▸ To do:
Output a faithful copy of the entries, every picture removed.

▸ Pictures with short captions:
Start of Block

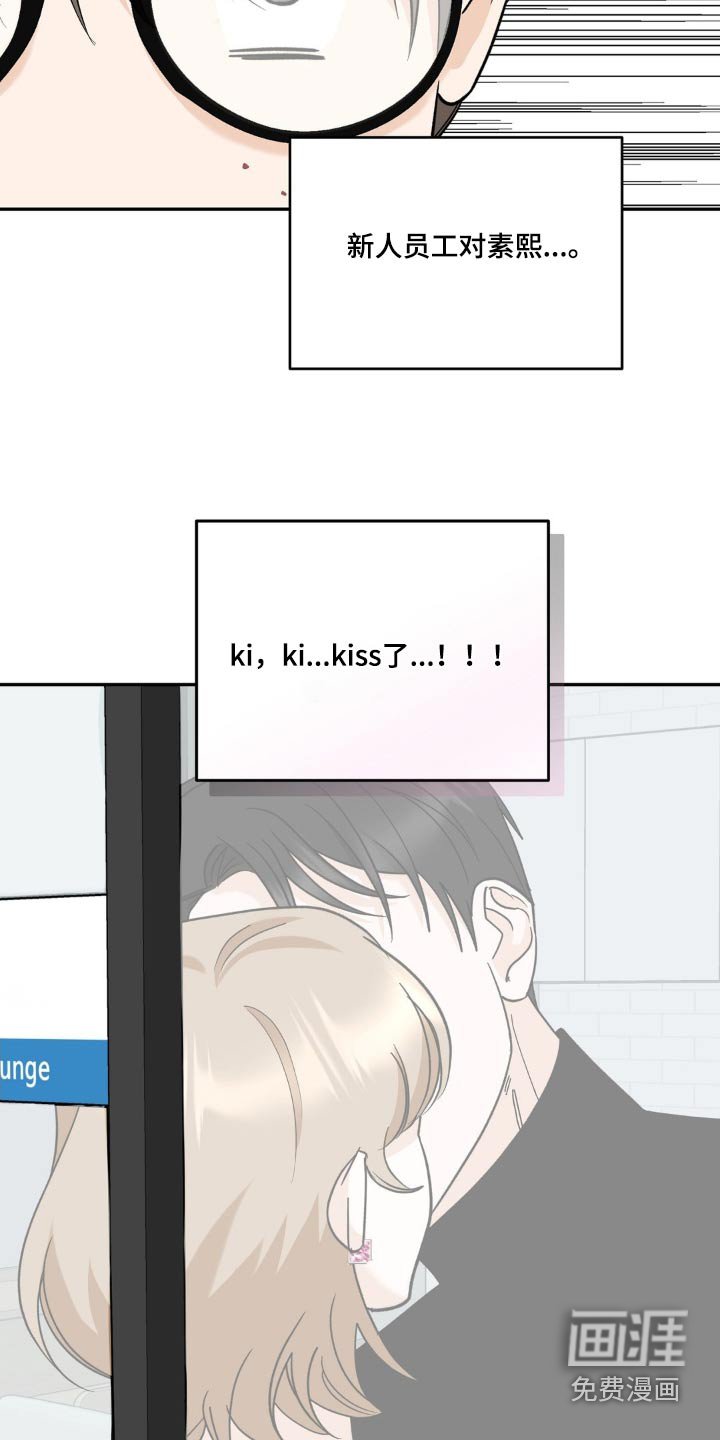 第19章：尴尬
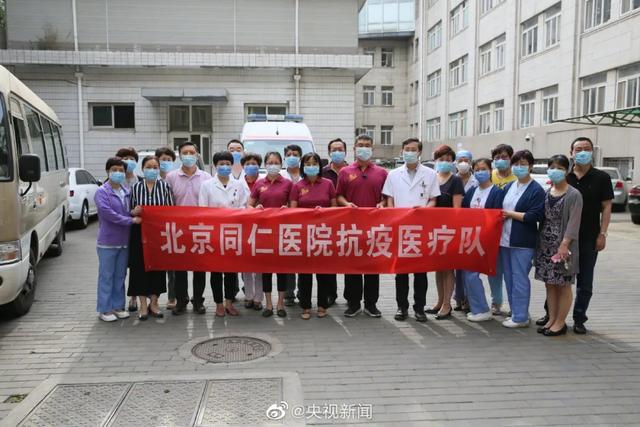 医疗|支援来了！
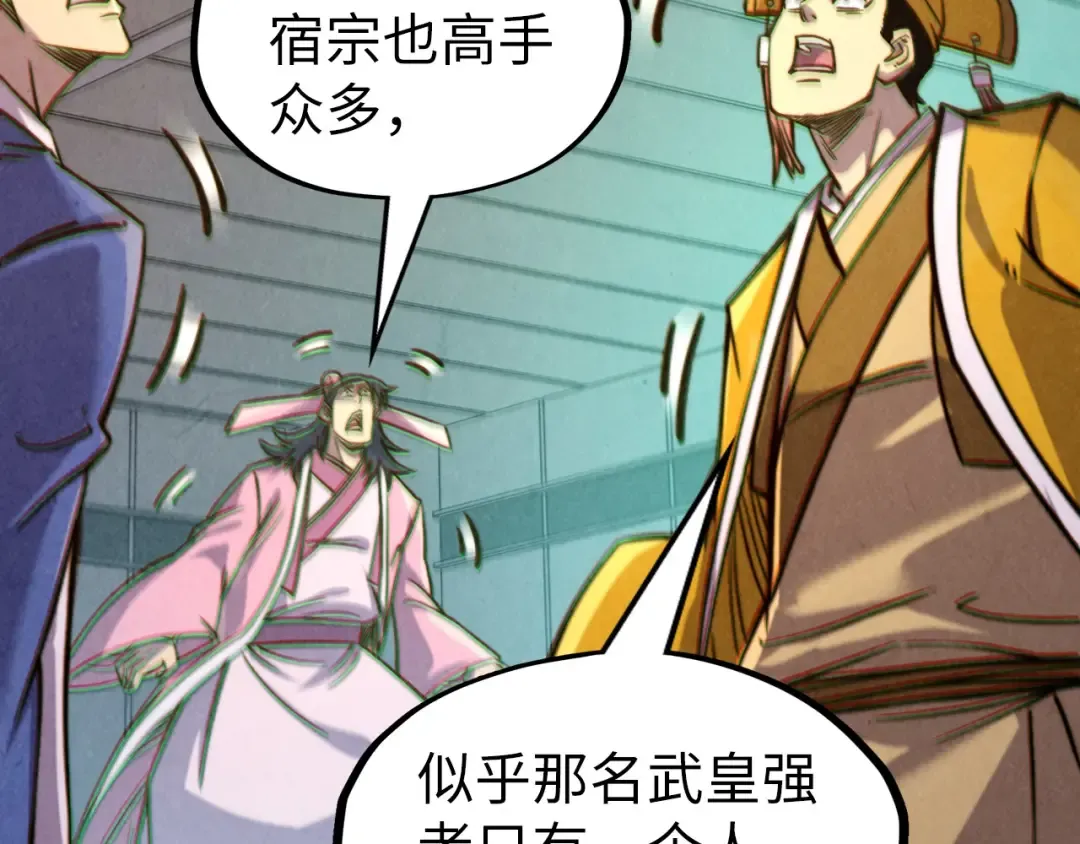 第196话 般若魔音 第37页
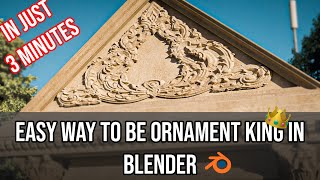 Blender - Quick Way to Create Ornaments in 3 minutes
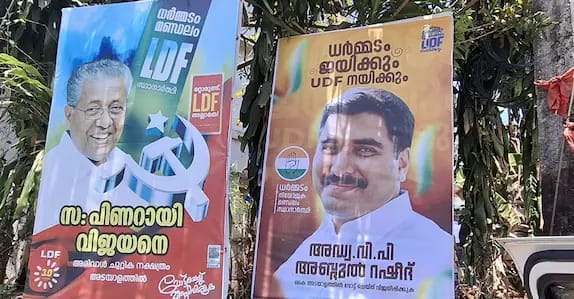 ABDUL RASHEED DHARMADAM
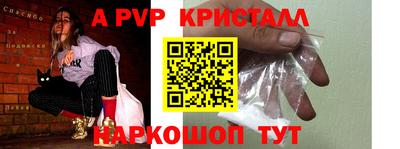 прущие крисы Рязань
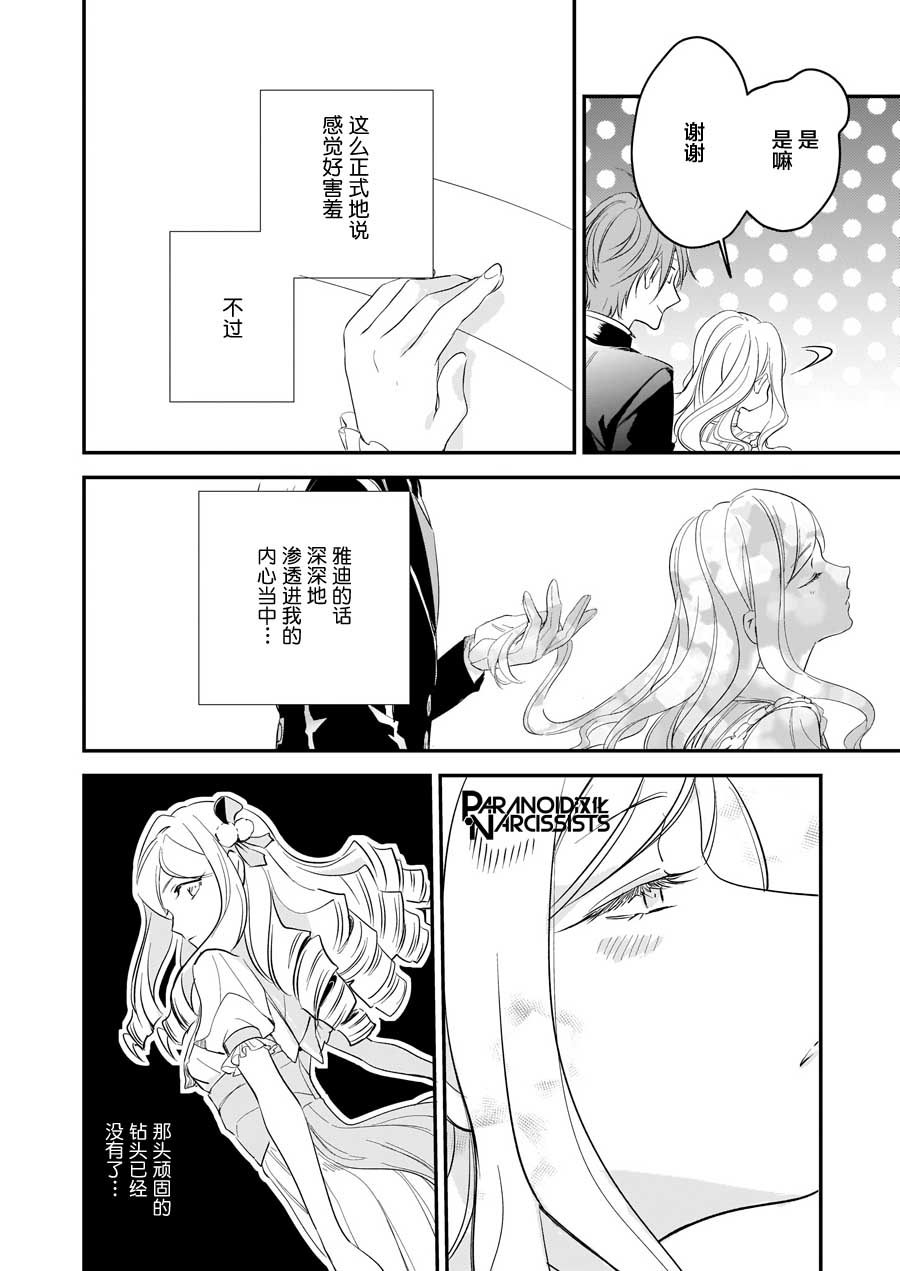 《阿尔伯特家的大小姐努力朝着没落进发》第14.1话 第18页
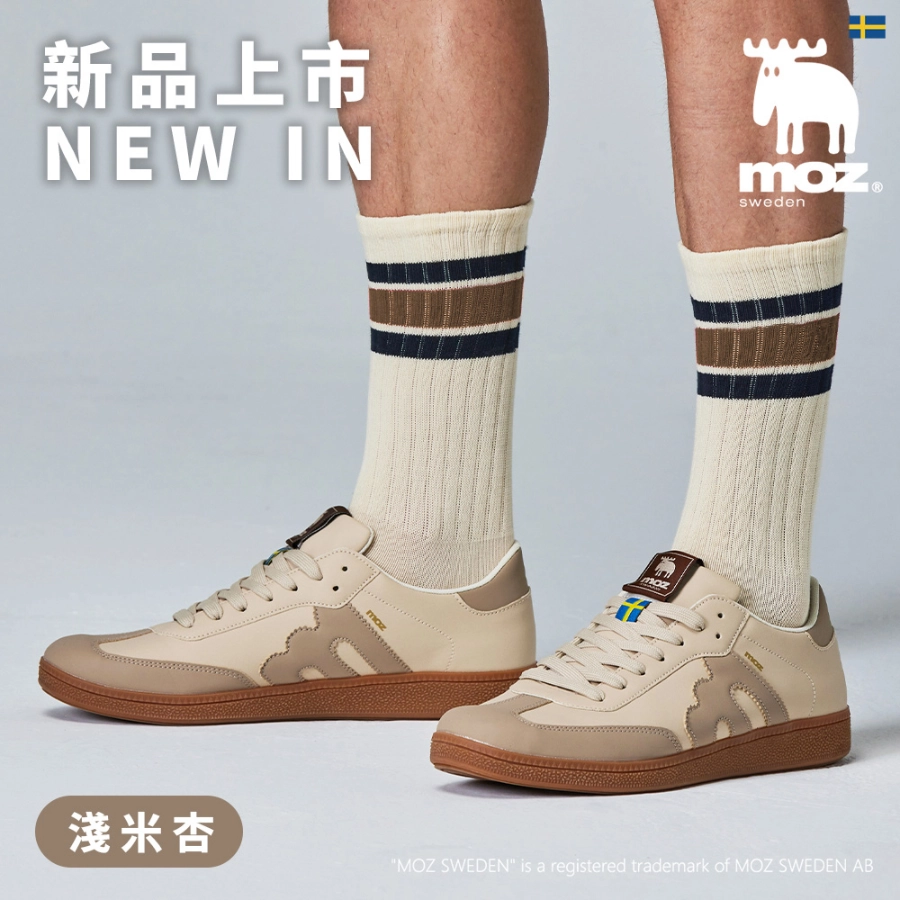 牛仔褲穿搭MOZ德訓鞋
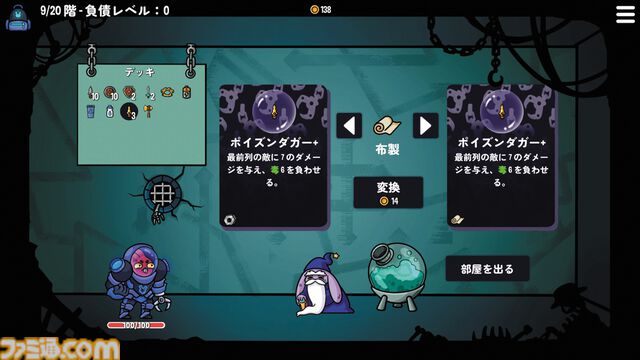 いまならAndroid版が【20円】!? 『ダンジョンクロウラー幸運ウサギと魔法の爪』はクレーンゲームとデッキ構築ローグライクの中毒性が融合【とっておきインディー】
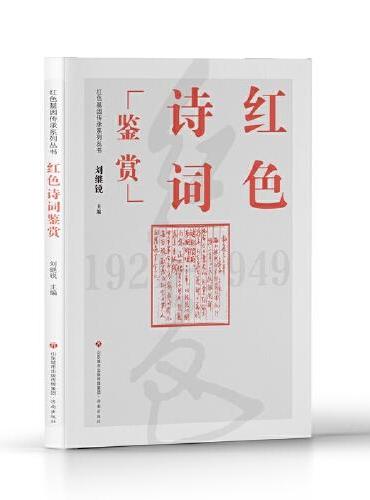红色基因传承系列丛书：红色诗词鉴赏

End of Block

▸ Finished task:
 第19章：尴尬
 医疗|支援来了！
 第196话 般若魔音 第37页
 Blender - Quick Way to Create Ornaments in 3 minutes
 ABDUL RASHEED DHARMADAM
 прущие крисы Рязань
 《阿尔伯特家的大小姐努力朝着没落进发》第14.1话 第18页
 牛仔褲穿搭MOZ德訓鞋
 いまならAndroid版が【20円】!? 『ダンジョンクロウラー幸運ウサギと魔法の爪』はクレーンゲームとデッキ構築ローグライクの中毒性が融合【とっておきインディー】
红色基因传承系列丛书：红色诗词鉴赏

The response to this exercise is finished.